Gary Bettman sait jouer dur. Cette fermeté lui a permis de traverser plusieurs tempêtes durant ses 19 saisons à la barre de la LNH. Mais cette fois, le commissaire semble se diriger droit dans un mur.

Comme en 2004-05, Bettman attaque les joueurs de front. Il veut réduire leurs salaires de manière importante et leur retirer plusieurs avantages. Il utilise les plus vieilles menaces du manuel patronal de négociations: mieux vaut accepter l'offre sur la table dès maintenant, prévient-il, car elle disparaîtra le jour où un lock-out sera décrété.

Fort de son succès il y a sept ans, Bettman n'a pas modernisé son répertoire. Son approche est exactement la même. Peut-être qu'il finira par remporter la mise, peut-être que les joueurs finiront par plier. Mais rien n'est moins sûr.

Le contexte de 2012 est complètement différent de celui ayant entraîné le premier lock-out. D'abord, la LNH est en meilleure santé financière. Ses revenus atteignent des niveaux records. Si certaines équipes éprouvent des ennuis, d'autres villes, comme Québec, rêvent de les accueillir.

Plus important encore: le vis-à-vis de Bettman n'est plus Bob Goodenow, un homme qui n'a pas pas fait le poids face à la détermination du commissaire lors du dernier conflit.

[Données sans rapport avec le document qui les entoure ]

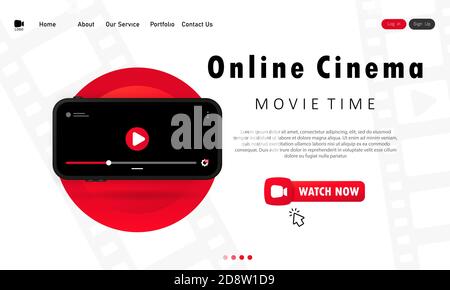 Online cinema banner. Movie time. Watching film at home on your phone. Vector on isolated white background. EPS 10 Stock Vector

Cette fois, c'est Donald Fehr qui se retrouve devant lui. Fallait le voir, en fin d'après-midi hier, expliquer d'un ton calme la position des joueurs pour comprendre que ceux-ci ne baisseront pas les bras de sitôt.

Fehr n'a pas perdu de bataille lorsqu'il dirigeait l'Association des joueurs du baseball majeur. Et il n'entend pas terminer sa carrière sur un échec au hockey.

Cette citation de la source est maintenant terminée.